Buy-and-hold does not mean that you never sell an investment. In fact, there are many good reasons to sell:

  • Rebalancing: There are times when you need to adjust investments to maintain your desired asset allocation. If there is a run-up in stocks, for example, you may end up owning more stocks than you intended. I generally rebalance my investments about once a year.
  • Changing asset allocation: As we get closer to our investing goals (typically retirement), we need to change the allocation of our investments. In most cases, this means reducing our exposure to equities and increasing our exposure to bonds and other forms of debt. The rule of thumb is that your stock allocation should equal 120 minus your age (others use 100 minus your age). Whatever approach you take, it will require adjustments to your portfolio from time to time.
  • Taxes: For retirement accounts, taxes are not typically an issue until you start using your money in retirement. But for investments in taxable accounts, taxes are extremely important. Last year, I sold my interest in Vanguard International Explorer (VINEX) because it was generating a lot of taxable gains each year. One might ask why I invested in the fund in a taxable account in the first place, and the answer is simply -- it was a mistake. It was many years ago, and I've learned a lot about investing since then. But the point is that tax considerations can and should influence your investing decisions in taxable accounts.

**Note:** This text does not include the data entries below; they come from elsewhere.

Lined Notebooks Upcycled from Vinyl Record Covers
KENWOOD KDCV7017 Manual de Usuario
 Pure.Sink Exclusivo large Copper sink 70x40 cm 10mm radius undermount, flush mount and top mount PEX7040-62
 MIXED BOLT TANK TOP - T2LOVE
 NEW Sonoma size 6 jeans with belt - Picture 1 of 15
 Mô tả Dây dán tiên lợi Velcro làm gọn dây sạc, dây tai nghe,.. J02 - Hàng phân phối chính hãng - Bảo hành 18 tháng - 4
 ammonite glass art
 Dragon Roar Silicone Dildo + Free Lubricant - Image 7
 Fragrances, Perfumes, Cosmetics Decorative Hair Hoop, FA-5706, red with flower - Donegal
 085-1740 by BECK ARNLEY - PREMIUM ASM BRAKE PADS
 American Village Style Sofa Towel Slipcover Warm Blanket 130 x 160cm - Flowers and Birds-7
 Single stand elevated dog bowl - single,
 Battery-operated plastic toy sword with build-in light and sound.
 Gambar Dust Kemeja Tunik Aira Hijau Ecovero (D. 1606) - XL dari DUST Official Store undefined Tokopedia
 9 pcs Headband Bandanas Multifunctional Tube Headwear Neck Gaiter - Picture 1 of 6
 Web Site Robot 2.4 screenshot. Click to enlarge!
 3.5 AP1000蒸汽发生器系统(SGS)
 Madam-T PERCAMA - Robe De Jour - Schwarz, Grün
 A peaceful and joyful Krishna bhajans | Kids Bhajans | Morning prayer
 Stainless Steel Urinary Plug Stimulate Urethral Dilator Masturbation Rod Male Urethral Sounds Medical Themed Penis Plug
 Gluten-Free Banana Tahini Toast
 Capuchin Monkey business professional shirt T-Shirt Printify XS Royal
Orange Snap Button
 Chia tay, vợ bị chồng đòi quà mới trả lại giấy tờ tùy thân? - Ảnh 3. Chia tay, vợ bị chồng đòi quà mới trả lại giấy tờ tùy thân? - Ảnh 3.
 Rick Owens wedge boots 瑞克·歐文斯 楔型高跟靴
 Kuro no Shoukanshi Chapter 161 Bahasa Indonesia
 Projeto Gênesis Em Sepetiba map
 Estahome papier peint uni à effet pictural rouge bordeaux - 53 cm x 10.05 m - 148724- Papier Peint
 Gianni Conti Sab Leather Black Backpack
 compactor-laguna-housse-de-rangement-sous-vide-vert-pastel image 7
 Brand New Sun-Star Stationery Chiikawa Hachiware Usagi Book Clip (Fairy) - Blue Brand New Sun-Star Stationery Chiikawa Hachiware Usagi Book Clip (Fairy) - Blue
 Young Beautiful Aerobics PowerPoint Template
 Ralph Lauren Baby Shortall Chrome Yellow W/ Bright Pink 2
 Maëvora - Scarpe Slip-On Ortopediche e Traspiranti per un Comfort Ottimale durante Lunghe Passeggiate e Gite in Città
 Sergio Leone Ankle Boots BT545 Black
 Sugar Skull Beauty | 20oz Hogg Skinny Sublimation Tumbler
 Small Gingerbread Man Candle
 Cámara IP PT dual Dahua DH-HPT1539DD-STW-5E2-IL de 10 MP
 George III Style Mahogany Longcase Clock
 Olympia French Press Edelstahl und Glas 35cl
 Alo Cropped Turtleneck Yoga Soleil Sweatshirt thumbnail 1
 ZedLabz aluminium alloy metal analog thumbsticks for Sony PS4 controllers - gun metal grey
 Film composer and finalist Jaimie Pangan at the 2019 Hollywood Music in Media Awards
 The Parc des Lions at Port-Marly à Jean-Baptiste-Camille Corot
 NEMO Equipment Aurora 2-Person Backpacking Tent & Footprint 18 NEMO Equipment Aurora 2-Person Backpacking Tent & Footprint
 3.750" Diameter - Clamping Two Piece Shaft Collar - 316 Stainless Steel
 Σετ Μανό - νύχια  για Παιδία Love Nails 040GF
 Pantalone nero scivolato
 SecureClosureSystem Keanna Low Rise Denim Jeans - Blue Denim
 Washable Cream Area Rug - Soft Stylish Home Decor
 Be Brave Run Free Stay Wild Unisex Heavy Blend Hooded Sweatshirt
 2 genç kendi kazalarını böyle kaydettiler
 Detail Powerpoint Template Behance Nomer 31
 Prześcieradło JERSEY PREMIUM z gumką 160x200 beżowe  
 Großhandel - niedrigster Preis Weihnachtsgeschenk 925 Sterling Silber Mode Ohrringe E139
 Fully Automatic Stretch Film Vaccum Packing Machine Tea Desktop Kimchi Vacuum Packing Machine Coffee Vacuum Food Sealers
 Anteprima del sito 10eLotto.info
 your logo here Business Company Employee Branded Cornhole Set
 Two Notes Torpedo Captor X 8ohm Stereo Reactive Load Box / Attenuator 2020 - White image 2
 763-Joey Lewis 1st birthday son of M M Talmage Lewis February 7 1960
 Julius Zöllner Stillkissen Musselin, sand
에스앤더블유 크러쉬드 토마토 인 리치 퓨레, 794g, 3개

  • Retirement: For many, it will be necessary to use retirement investments to pay for expenses during retirement. This will require selling investments, of course. By this time, however, your asset allocation will be very conservative, and most if not all of your yearly expenses will be coming from conservative bond funds and cash accounts.
  • Macroeconomic considerations: I do think it's important to consider the big picture. Fifty years ago, international investing was unnecessary. For a host of reasons, including technological, investing in foreign issues was not as easy as it is today. And U.S. investments, given the growth of the U.S. economy, made for great long-term investments. Today, exposure to foreign investments is critical. And as the U.S. government proves unwilling to control spending, the falling dollar may make foreign investments all the more important.

What's your take? Is buy-and-hold the best approach for most of us, or do you think market timing is the answer?